A Mild Winter Could Cut Europe’s Natural Gas Prices in Half

Credit: american-public-power-association-unsplash
  • Europe’s gas stockpiles are plentiful, with a possible mild winter potentially reducing natural gas prices by half, according to a Morgan Stanley analysis.
  • In contrast, if the winter is colder than average and renewable energy generation is low, gas prices could spike to significantly high levels.
  • Despite the optimistic forecast, uncertainties regarding winter weather and the effectiveness of renewable energy sources leave future gas prices unpredictable.

Europe’s natural gas stockpiles are at elevated levels and on track to be full sooner than planned. This gives governments and industries confidence that last year’s energy crisis will not be repeated, reports Oil Price.


The benchmark natural gas prices are one-tenth of the records seen last summer when Russia slashed pipeline supply to Europe.

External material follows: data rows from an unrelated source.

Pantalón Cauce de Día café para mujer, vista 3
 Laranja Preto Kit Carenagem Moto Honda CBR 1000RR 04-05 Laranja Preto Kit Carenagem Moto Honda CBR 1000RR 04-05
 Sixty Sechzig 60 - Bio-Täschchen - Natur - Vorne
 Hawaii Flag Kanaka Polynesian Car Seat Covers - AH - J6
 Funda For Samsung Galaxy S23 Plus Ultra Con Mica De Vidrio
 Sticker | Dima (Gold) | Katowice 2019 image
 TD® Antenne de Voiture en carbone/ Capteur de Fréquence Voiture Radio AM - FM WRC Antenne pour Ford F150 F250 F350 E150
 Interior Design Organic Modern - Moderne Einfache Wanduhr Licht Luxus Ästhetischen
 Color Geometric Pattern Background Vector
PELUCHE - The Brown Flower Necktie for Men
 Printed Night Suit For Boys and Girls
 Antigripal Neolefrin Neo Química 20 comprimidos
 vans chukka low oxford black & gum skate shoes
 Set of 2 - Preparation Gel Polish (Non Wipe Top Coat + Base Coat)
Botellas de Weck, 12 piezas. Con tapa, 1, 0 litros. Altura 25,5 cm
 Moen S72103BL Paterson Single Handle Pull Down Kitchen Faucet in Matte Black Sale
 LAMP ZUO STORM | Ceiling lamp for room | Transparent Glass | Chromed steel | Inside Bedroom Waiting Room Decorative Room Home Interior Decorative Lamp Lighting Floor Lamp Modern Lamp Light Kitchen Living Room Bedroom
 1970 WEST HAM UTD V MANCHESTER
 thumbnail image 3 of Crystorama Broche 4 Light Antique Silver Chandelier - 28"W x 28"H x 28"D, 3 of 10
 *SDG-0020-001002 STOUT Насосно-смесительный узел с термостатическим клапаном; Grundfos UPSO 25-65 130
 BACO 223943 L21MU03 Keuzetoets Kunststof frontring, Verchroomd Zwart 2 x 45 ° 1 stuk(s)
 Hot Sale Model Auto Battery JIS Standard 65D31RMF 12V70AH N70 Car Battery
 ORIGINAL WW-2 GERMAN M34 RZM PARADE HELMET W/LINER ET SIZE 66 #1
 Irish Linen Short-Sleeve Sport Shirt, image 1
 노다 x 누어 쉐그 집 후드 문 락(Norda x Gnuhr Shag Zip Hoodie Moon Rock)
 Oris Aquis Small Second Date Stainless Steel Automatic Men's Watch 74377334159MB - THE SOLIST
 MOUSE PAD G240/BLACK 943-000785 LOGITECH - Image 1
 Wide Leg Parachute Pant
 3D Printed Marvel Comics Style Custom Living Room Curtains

Volatility, however, will continue as prices and demand ahead of and during the coming winter will depend on two factors that are out of EU control—the weather and the contribution of renewable energy sources to the mix depending on the weather.

Thanks to milder winter weather, reduced EU consumption, and demand destruction in industry due to the high energy costs, Europe made it through the 2022/2023 winter without gas shortages or gas rationing.

Ahead of the 2023/2024 winter, Europe can only hope for another winter of milder temperatures without prolonged periods of freezes that would boost demand for heating and for gas-fired power generation.

In case of another mild winter – which is possible but far from certain – Europe’s gas prices could plunge from current levels and halve to $16.85 (15 euros) per megawatt-hour (MWh), according to Morgan Stanley.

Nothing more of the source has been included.